• Work to be completed:
A word-for-word retyping of the listing below is required, with the pictures dropped.
-- Opening Marker --
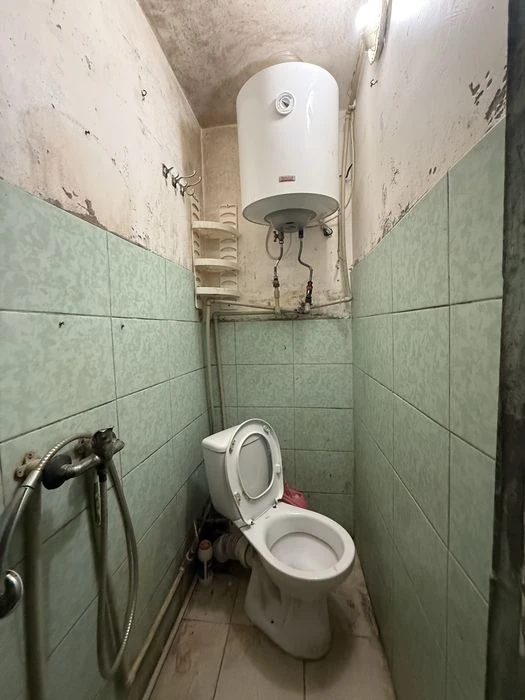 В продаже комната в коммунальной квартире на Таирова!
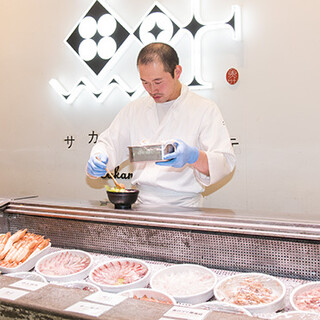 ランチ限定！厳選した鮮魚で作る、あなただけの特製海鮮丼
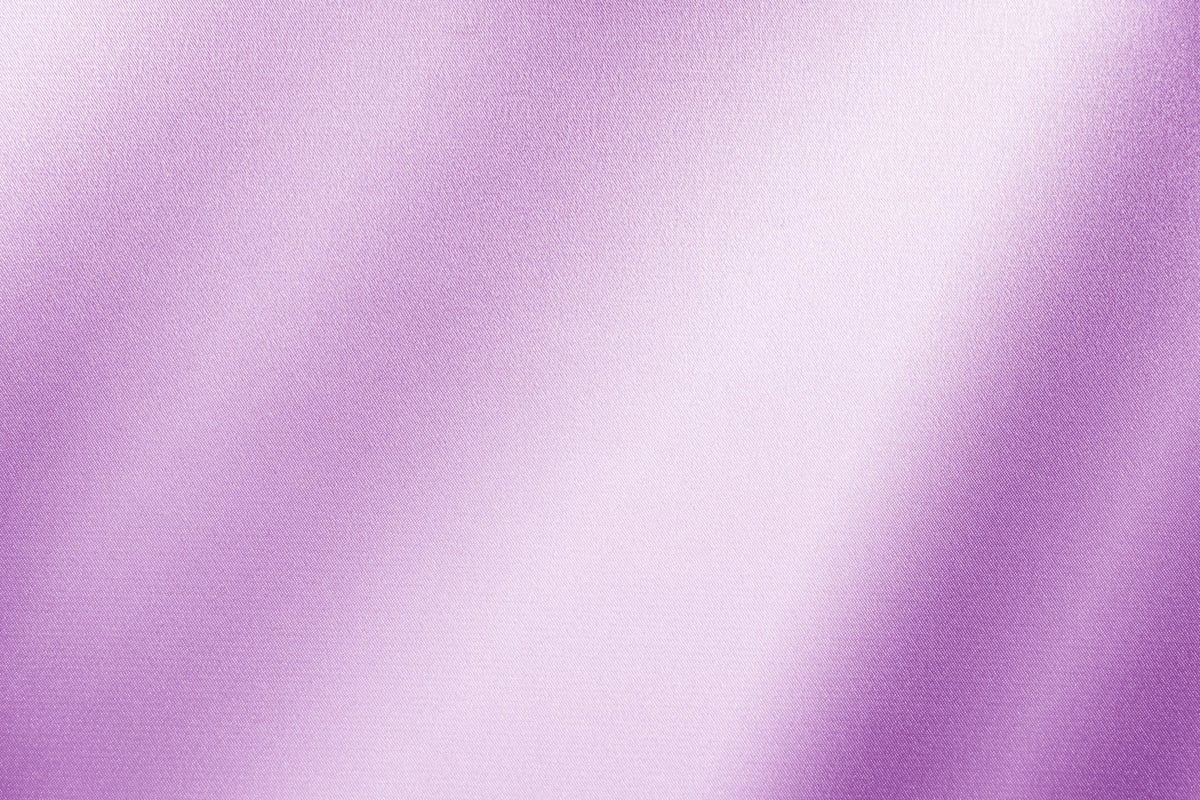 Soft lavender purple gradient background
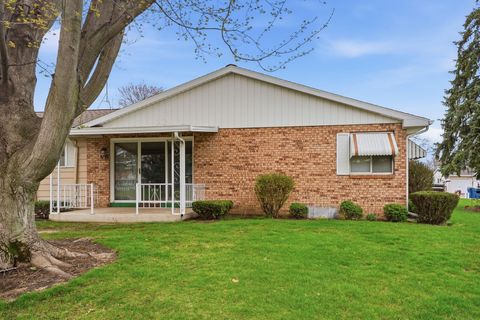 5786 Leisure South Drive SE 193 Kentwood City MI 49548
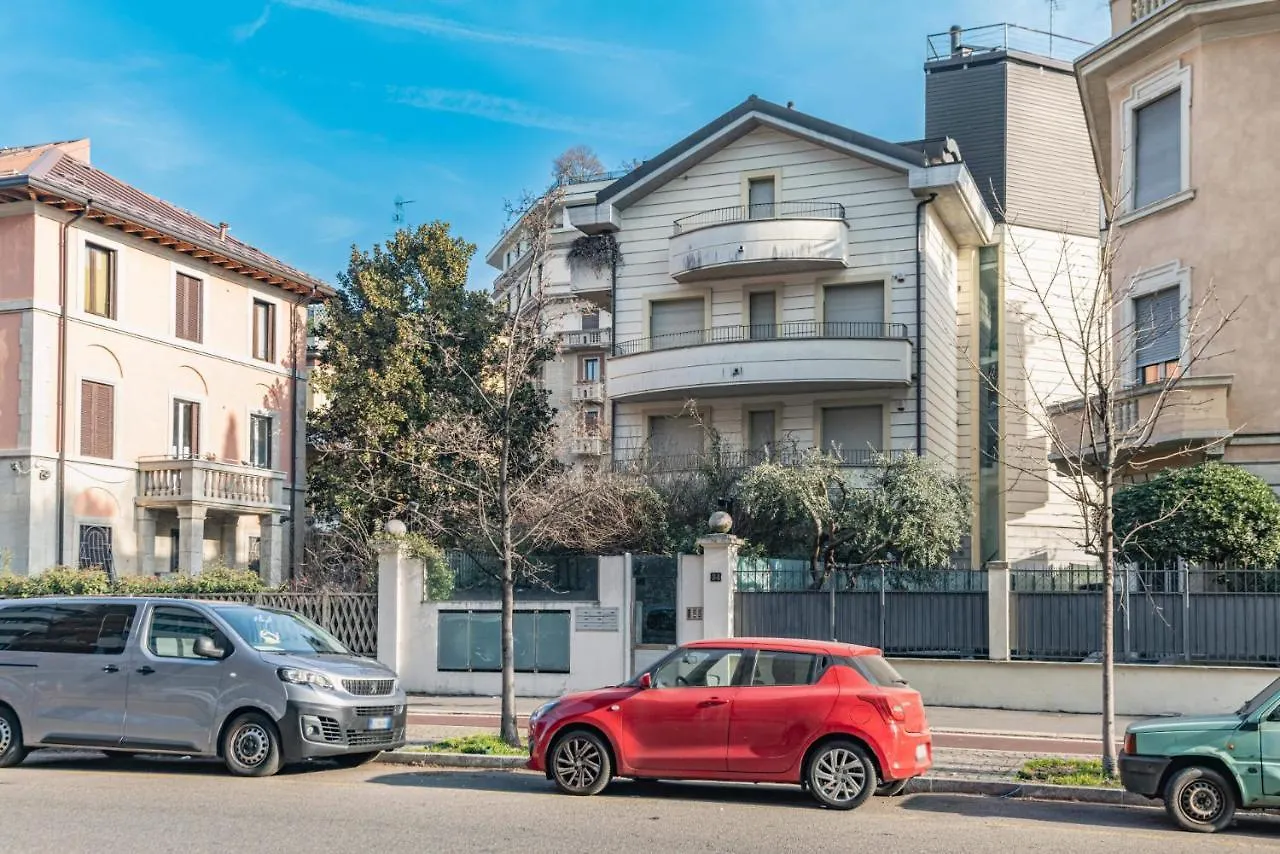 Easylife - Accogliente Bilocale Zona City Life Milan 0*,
-- Closing Marker --
• Output for this exercise:
 В продаже комната в коммунальной квартире на Таирова!
 ランチ限定！厳選した鮮魚で作る、あなただけの特製海鮮丼
 Soft lavender purple gradient background
 5786 Leisure South Drive SE 193 Kentwood City MI 49548
 Easylife - Accogliente Bilocale Zona City Life Milan 0*,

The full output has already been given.